I'd have to say that slapping good glass on the D60 isn't going to be as effective as upgrading the body in this instance. While the D60 was a really good deal when in it's prime it has long been bested by newer technology.


EDIT: Oops, I did mean DX OH!:


----------



## FocusDave (Mar 13, 2012)

^^ I think you meant DX bodies, but I get what you mean.

If you need the rugged durability of a professional-type camera and can find one in your budget, go for the D300s; you won't be disappointed. Otherwise, the D5100 and D7000 are your best bet. I would personally suggest the D7000, but that's because I like having all the controls at my fingertips, as opposed to having to go through the on-screen menu for a lot of things. The D5100 has the same sensor as the D7000 and has great high ISO capabilities, while being noticeably smaller and lighter (if that's your thing).


----------



## DorkSterr (Mar 13, 2012)

For $200 I'm sure you can get a D700 used for $1700. I've seen plenty over here in Canada at my local camera store.


----------



## SCraig (Mar 13, 2012)

Anything from the D5100 up would be a decent upgrade.  The higher you go the better the upgrade the higher the cost.  Anything less than a D5100 would be a lateral move in my opinion.

I went from a D60 to a D90 to a D7000.  Still have all 3, still use all 3.


----------



## FocusDave (Mar 13, 2012)

DorkSterr said:


> For $200 I'm sure you can get a D700 used for $1700. I've seen plenty over here in Canada at my local camera store.



There would also be the increased cost to buy FX lenses. While DX lenses work on a full frame body, you have to use DX crop mode, which defeats the purpose of having a full frame sensor.


----------



## KmH (Mar 13, 2012)

The loss of detail isn't because of the D60. I too had a D60 and had no problems with 'loss of detail'. The loss of detail could be caused by using less than quality lenses, poor camera handeling technique, and inexperience.

When an AF-S lens is mounted on a Nikon body that has the screw-drive systrem and focus motor in it, the in-the-camera focus motor and screw-drive isn't used.

A lot of the older AF lenses that would use the in-the-camera focus motor are not inexpensive, and would likely focus slower than an equivelent AF-S lens.


----------



## FocusDave (Mar 13, 2012)

btw, a forum member is selling his D300s for less than $1100 http://www.thephotoforum.com/forum/buy-sell/276811-nikon-d300s-grip-3-batteries-etc.html


----------



## manaheim (Mar 13, 2012)

Not that upgrading is a bad thing, but I'm suspicious of "losing detail in the images".  Can you post some examples?  There's really no reason why you should be losing detail in anything.


----------



## Destin (Mar 13, 2012)

You could pick up a d90 for $700-800 or even less if you don't mind buying on eBay. Its a great camera and a huge step up from the d60. 

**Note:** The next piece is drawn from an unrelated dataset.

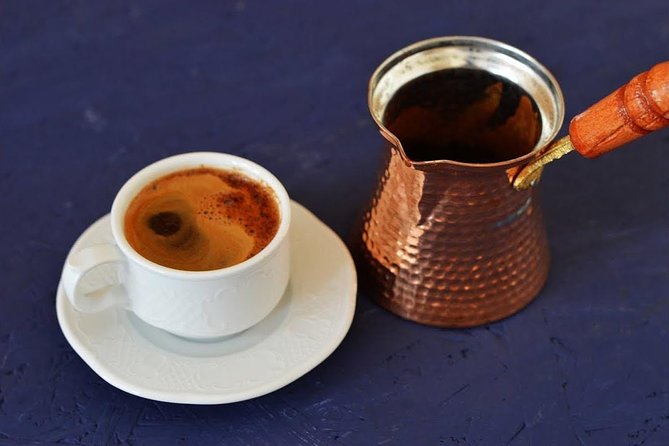 Turkish Coffee Trail - Hacı Bekir Sweets: The Sweet Counterpart to Coffee Tradition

That would leave you about $700-800 or more to put into a lens. And I just so happen to have a virtually brand new sigma 70-200 2.8 for sale. Really sweet lens for concert photography. I'm asking $775 for it, shipped anywhere in the CONUS. PM me if you'd be interested.


----------



## FocusDave (Mar 13, 2012)

^^ You can do body-only D90 for less than that. I'm also pretty sure there's a couple on here for sale.

I think everyone is curious to hear the OPs response about the "loss in image quality," though.


----------



## Derrel (Mar 14, 2012)

IT'S TIME to step up to a full-frame body for your fashion and portraiture work. How about a good, clean, used Canon 5D at around $900 or so??? The 5D is simple to use, easy to shoot, and creates good, clean images. It adapts VERY well to various lenses, like Pentax M-42 thread-mount lenses, Nikon lenses, Lensbabies, and also uses Canon EF autofocus lenses, which are plentiful. I am not kidding you; the "look" of unique lenses is something your fashion/portrait work could use. And by unique I mean lenses that have real character to their optical renderings.


----------